Must-play golf courses in the Tunica area
The Cottonwoods, a Hale Irwin design, is part of the Grand Casino's 2,200-acre entertainment complex. Irwin, not yet known for his design work, did well with the flat terrain he was dealt.
The 6,952-yard design opens with a benign 329-yard par-4, then never lets up. Its five water holes are stellar, with the daring par-4, 356-yard fifth and the two par 5s -- the dog-leg left, 549-yard seventh and the dog-leg right 512-yard 17th -- truly memorable.
The 6,923-yard River Bend Links is the county's most unique experience. Architect Clyde Johnson did his best to create a pseudo-links course, complete with a144 pot bunkers, nine lakes and fairway mounding. The land, an old cotton field, is completely devoid of trees, leaving it exposed to harrowing winds from the nearby Mississippi River.
The course, jointly owned and operated by the Harrahs, Hollywood and Sam's Town casinos, gives out Strokesaver yardage books, the kind more commonly found on trips to Scotland and Ireland,to authenticate its links-like experience.

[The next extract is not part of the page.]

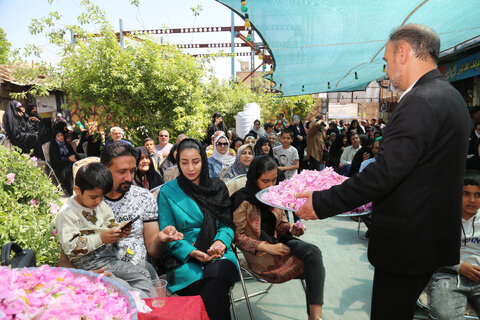 مهدی شکوری معاملهای خوش عطر و بو با امام رضا(ع) کرده است؛نذر گل و گلاب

Tunic County golf: Solid seconds
In due time, the Tunica National Golf and Tennis Center might be ready to challenge Cottonwoods and River Bend for area supremacy but not yet. The 7,210-yard Mark McCumber, which opened in early 2004, needs some maturing. The $12-million facility does have the infrastructure to grow into something special.
A 360-degree driving range, the state's largest practice range, and a six-hole, par-3 practice course will provide a perfect home for a golf academy, which has yet to open.
The four indoor tennis courts are the state's only indoor, climate-controlled Har-Tru clay courts.
With only three courses, it's a much easier decision where to play golf than it is choosing where to stay among the 6,300 rooms at nine different casinos. Each casino has a theme, so go with what your heart desires. The Sam's Town brings country and western to life. Harrah's sells year-round Mardi Gras. Hollywood might be the most popular with its movie memorabilia, including a copy of the Bat Mobile and a three-story King Kong replica. The Horseshoe has a blues hall-of-fame/museum.
Tunica County off course
If you can't shoot a good score on the links, maybe you can shoot straighter at Willows Sporting Clays, a shooting range at the Grand Casino.
The 120-foot, 400-passenger Tunica Queen paddlewheel boat offers four cruises daily and nightly dinner cruises up and down the mighty Mississippi. A cocktail hour cruise, complete with the sun dipping in the horizon and a slight breeze blowing, is a can't-miss experience.
Once you're off the water, head to any of a number of nightly shows at Sam Town's River Palace Area, the Gold Strike's Millennium Theater, the Bluesville Showcase Nightclub at the Horseshoe Casino or the Grand Casino Event Center. National names like Kenny Rogers and Michael Bolton, who seem to tour the casino circuit nationwide; are regulars. Dancers and magicians also grace the stages.
The Paul Battle Jr. Arena & Exposition Center, the state's largest arena floor with concert seating for 6,000, holds horse and trade shows, bullriding exhibitions, tractor pulls and conventions.
And don't forget nearby Memphis, with its zoo (memphiszoo.org), the NBA's Grizzlies, and rockin' Beale Street.
Tunica County dining
Much like Vegas, buffets are the meal of choice for many visitors on a budget (they're saving their money for that next big slot pull), but there's food at every turn (38 restaurants in the nine casinos).
The best of the bunch might be Jack Binion's Steakhouse in the Horseshoe Casino with its steaks, Maine lobster and veal.
Tunica County: The verdict
None of the courses in Tunica County can match the state's top golf destination -- Dancing Rabbit's Jerry Pate/Tom Fazio gems in Philadelphia, which are two of the nation's undiscovered treasures. Nevertheless, with reasonable prices, and good package deals with area casinos, River Bend, Cottonwoods and Tunica National are all fun to play. More importantly, there's good variety from one course to the next.
Combined with the all-night casino action and the proximity to Memphis, a weekend getaway to Tunica County looks all the more appealing.